Took this impressively-not-crooked photo while riding a bike
Biking through the amazingly-Irish-and-very-beautiful scenery was great.  Although there were nearly as many hills as there were little stone walls. Which was a ton. It seems to me that Aran Islanders just enjoy building stone walls. The majority of them were too close together and too random shaped to be fields or yards, they seemed to have the same purpose as Frost's Mending Wall: just to be built. Peddling up the bizillionth hill with way-too-fast vans passing you on the wrong side was almost enough to make one reconsider the choice to bike instead of taking one of the van or bus tours.  It was actually really fun though.

Great soup and brown bread and tea and scones and a fireplace to boot!

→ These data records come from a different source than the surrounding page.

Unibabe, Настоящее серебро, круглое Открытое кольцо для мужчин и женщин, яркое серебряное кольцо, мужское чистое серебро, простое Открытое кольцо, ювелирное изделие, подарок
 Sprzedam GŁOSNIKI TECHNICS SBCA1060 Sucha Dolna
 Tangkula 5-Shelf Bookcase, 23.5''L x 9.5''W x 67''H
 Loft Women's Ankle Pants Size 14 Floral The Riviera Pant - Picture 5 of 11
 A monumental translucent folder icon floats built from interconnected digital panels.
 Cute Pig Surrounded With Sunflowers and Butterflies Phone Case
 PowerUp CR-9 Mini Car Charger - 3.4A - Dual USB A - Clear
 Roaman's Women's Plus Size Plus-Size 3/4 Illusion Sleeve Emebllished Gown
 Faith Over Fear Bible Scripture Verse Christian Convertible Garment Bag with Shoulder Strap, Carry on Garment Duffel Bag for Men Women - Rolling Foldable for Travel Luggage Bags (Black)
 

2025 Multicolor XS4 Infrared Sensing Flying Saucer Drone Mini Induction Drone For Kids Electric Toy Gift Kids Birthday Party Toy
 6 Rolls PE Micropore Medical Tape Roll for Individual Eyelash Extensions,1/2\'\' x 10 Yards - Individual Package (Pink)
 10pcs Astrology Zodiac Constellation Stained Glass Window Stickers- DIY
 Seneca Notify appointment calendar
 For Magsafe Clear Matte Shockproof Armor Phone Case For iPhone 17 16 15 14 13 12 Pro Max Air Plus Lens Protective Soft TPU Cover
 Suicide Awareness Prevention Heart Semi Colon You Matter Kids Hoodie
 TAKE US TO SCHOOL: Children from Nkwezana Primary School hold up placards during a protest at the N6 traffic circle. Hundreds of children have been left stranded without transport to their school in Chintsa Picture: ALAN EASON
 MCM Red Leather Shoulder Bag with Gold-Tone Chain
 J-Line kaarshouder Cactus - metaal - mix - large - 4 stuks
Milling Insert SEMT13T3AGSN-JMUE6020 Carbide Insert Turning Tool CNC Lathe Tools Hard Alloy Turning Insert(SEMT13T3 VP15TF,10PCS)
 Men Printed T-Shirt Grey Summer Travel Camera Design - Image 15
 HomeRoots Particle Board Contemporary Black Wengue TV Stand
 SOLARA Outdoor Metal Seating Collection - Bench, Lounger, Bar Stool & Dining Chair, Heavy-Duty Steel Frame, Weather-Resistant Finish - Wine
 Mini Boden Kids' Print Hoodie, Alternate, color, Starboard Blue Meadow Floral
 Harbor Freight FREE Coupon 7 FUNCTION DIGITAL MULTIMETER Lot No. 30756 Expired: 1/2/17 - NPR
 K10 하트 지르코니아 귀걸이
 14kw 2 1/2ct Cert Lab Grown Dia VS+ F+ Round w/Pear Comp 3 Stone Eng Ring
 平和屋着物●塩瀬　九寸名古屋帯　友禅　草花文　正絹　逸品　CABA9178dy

We got a yummy lunch at an adorable cafe then found a tiny shop owned by an wonderful old Irish woman sitting behind the counter knitting away making a sweater. Jamie found a great hat-- in the same color as the Sarah Jessica Parker's hat from the lil ol' lady's shop, she was quite proud to tell us that Steven Spielberg had been one of her costumers as well.  She also had two very exciting pieces of information for us: that the ferry is always calmer going back the other direction and that there's another road closer the coast that is far less hilly. Excitement all around.

 Then we left the bikes at walked the rest of the way up to Dún Aonghasa, a stone fort that's thousands of years old.  Can't imagine that anyone would have ever dared to try taking that fort cause it's pretty well situated.  It's built right on the cliff so it's got stunning views of the cliffs and waves. The highest point of the cliffs is over 300 feet (But totally safe mom! Honest! No need to worry ^_^ Really...something like that) 
 We got some great photos (and were very very careful by the edge, don't worry).  It was a beautiful day (it barely rained on us as all and that's practically sunny in Irish terms). Because we stopped for lunch and at the knitting shop first we had the fort to ourselves once we got up there. Then we had plenty of time to bike back along the non-hilly-road and check out lots of Aran sweaters before the ferry left.
Jessie also played fetch with a RedBull can and this awesome sheepdog
The Aran Islands are definitely worth the trip, especially since the ferry, bus, and bikes didn't add up to cost very much.  Inis Mor is gorgeous and peaceful and very very Irish. I very much enjoyed it.